Те, кто хотя бы шапочно знаком с моей поэтической манерой, едва ли удивятся, заметив, что отдельные фрагменты текста связаны между собой лишь ритмически, будучи – вполне осознанно – лишены какого бы то ни было реального или воображаемого нарративного или понятийного контекста.
Известно, что более или менее схожим образом часто поступают дети, не предполагающие, что кто-то может не знать того, что знают они.
Когда ребенок хочет рассказать взрослому о чем-нибудь, он, например, говорит: «Вчера Марина забыла стихотворение, а Ольга Владимировна рассердилась и сказала, чтобы Сережа вышел из комнаты, потому что он смешил Наташу».
Попытка выяснить у рассказчика, кто такие Марина, Ольга Владимировна, Сережа, Наташа, а также что за стихотворение забыла Марина, почему она его забыла, из какой комнаты был изгнан Сережа и каким способом он злостно смешил Наташу, как-то даже не корректна.
Ребенок страшно удивится тому, что вы не знаете таких очевидных вещей. Он будет раздосадован тем, что вы нарушаете стройный и динамичный ход повествования, убивая поэзию, которая в конце концов достовернее всякой так называемой правды жизни.

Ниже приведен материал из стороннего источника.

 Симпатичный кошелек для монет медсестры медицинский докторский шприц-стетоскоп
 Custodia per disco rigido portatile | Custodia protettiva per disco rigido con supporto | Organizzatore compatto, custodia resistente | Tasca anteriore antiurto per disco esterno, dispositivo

И будет, в общем-то, прав.
Уже само название комментируемого текста и, соответственно, его начальный фрагмент, знакомый многим поколениям всех тех, кто учился когда-то в первом классе советской школы, призваны служить понятийным и стилистическим ключом к восприятию всего текста, построенного как череда внешне не связанных между собой отдельных фраз, как бы лишенных общего контекста некоего более или менее стройного мемуарного повествования – повествования о коммунально-дачном детстве человека моего поколения. Фраз, чьи лексика, фразеология и синтаксис довольно ясно указывают на то, что их «автор», или, говоря по старинке, лирический герой, – это отрок восьми или девяти лет. В общем, этот текст написан в регистре и интонации школьного сочинения на тему – условно говоря – «Как я провел детство».

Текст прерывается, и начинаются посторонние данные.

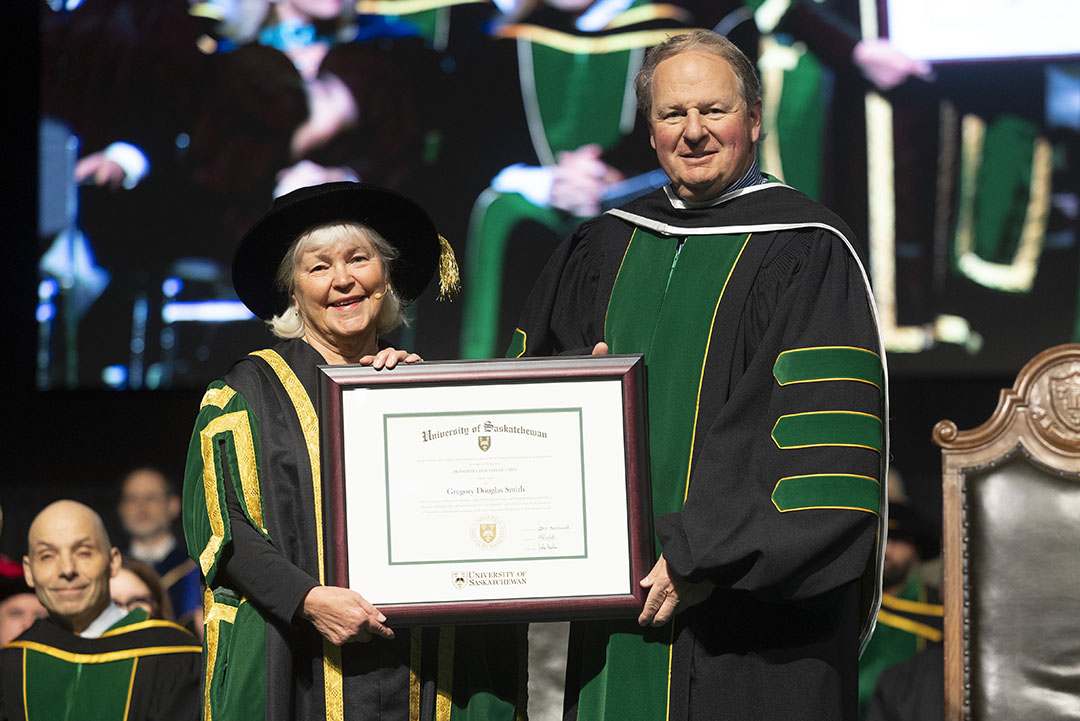 Photo caption: USask President and Vice-Chancellor Peter Stoicheff said the university is honoured to be able to shine the spotlight on this year’s esteemed recipients and to pay tribute to their commitment to community and their remarkable career achievements. (Photo: David Stobbe/USask)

Ну а теперь – построчно. Точнее – пофрагментно.
Итак.
1.
Мама мыла раму
Все, кому посчастливилось учиться в советской школе в середине 50-х годов и с самого начала учебы открывать на первой странице букварь с изображением каких-то условных ровесников или ровесниц на обложке, на всю жизнь запомнили эту странную речевую конструкцию.
Но этот ностальгический эффект, а также неизбежные воспоминания об этом «Букваре» не очень-то понятны и доступны людям других стран и, соответственно, языков.

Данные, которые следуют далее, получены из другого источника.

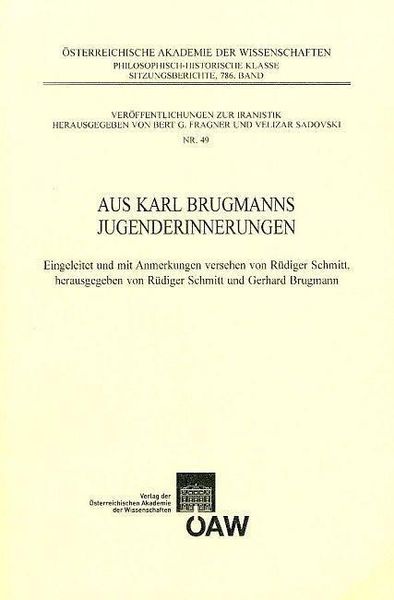 Produktbild: Aus Karl Brugmanns Jugenderinnerungen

Этот мой текст, как мне кажется, среди прочих моих текстов является абсолютным чемпионом в смысле количества переводов на другие языки. Он, по-видимому, представляется очень простым и очень доступным для перевода. Ну, казалось бы – весьма бесхитростный и простой, чтобы не сказать примитивный, – синтаксис, а также обилие собственных имен, которые и переводить даже не надо.